I think that it also depends on the use case. I was an intern at Google and read a few papers where they argue that in many cases they have to analyze humongous data sets (that usually are read or append only). The possibility of decreasing the size of the indexes significantly and no need for updates seems to be like the place the learned indexes can excel at.

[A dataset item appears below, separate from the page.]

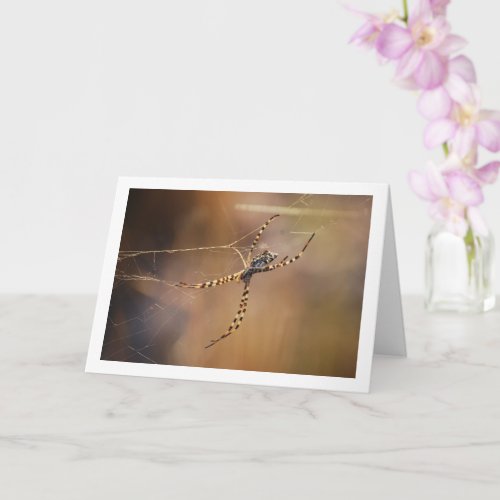 Banded Orbweaver Spider Card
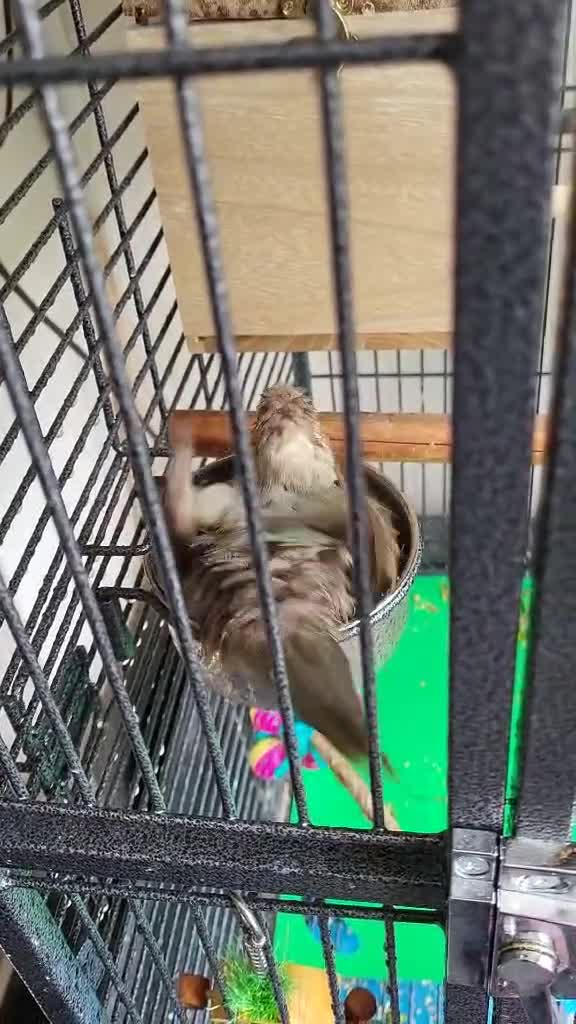 Parakeets birds for sale: 2x kakarikis and large cage  - Video 1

One area that should be still explored is how to cater for workloads with many updates/inserts/deletes for the learned indexes. Interestingly enough, if, let’s say, we have the append-only workload and the data distribution does not change then we don’t really have to modify the index.

Strong points:

  1. There are already databases that are only-GPU based, so such indexes would be a perfect match.
  2. When we zoom in to individual record on the CDF curve (Cumulative Distribution Function), we can see many discontinuities which are hard to learn - too much entropy. The idea with the last mile access supported with B+trees seems to be viable - even with a better approach to explore the benefits of both B+trees and machine learning models within the same index. Then, we could adjust the percentage of usage of both structures while building the index to find the the best performing combination, usually - with B+tree at the bottom of the index, and the machine learning models (simple linear models or simple neural nets) on the top of the index.
  3. They use interesting tricks, for example, let’s extract the model, i.e. all the weights, to a bare structure in C++ that eludes all the overheads by shedding the Python interface, additional function calls or batch processing used for large scale machine learning.

Weak points:

  1. A costly procedure to give the error upper bounds (min/max error) where the key should be searched within.
  2. If a key does not exist in the index, the index can point to the range which is outside the min-max range, maybe we would end up with traversing the whole dataset to make sure that a key does not exist.
  3. They don’t explore the interesting scope of the relation between precision required and complexity of the model, subsequently between the complexity of the model and the search time. These are the crucial dimensions to judge the performance of the new proposed indexes.
  4. If we want to use GPUs/TPUs we have to deal with the long transfer time between CPU and GPU which is in 1000 of cycles, whereas scanning a leaf node from a B+tree, even with a cache-miss takes only 150 cycles (50 cycles for the scan and additional 100 cycles incurred by the cache-miss).
  5. Clearly, the vanilla models presented in section 2.3 are extremely bad and much slower than B+trees: “The search time to find the data with the help of the prediction almost had no benefit over a full search over the data”.
  6. B+trees are cache efficient (keeping only the top of the trees in cache), whereas the neural nets require all the weights to compute the prediction.
  7. There is a dichotomy of errors: in the machine learning models we optimize for the average error while for the learned indexes we are optimizing for the min-max errors (the min-max range of positions that we have to check to answer the question if the searched key is present, and if so where, or is absent in the index).
  8. The biggest challenge is the last-mile accuracy.
  9. It is not crystal clear how they train the staged models - they do give the loss functions but they do not do the full end-to-end training, I suppose for a model lower in the stage, only the search keys that go through the model in the current learning stage, contribute to the loss - but these keys taken into account for the less in a staged model might be very different through the learning process, i.e. fluctuate a lot, thus it is not explained when we stop training and if the loss really decreases and model converges.
  10. New leaf-node search strategies - does not seem to be like a great gain in performance.
  11. Why don’t we use word embeddings for the indexing of strings?

Other notes:

  1. Regarding the Clipper system - this paper states that you should never use TensorFlow for inference.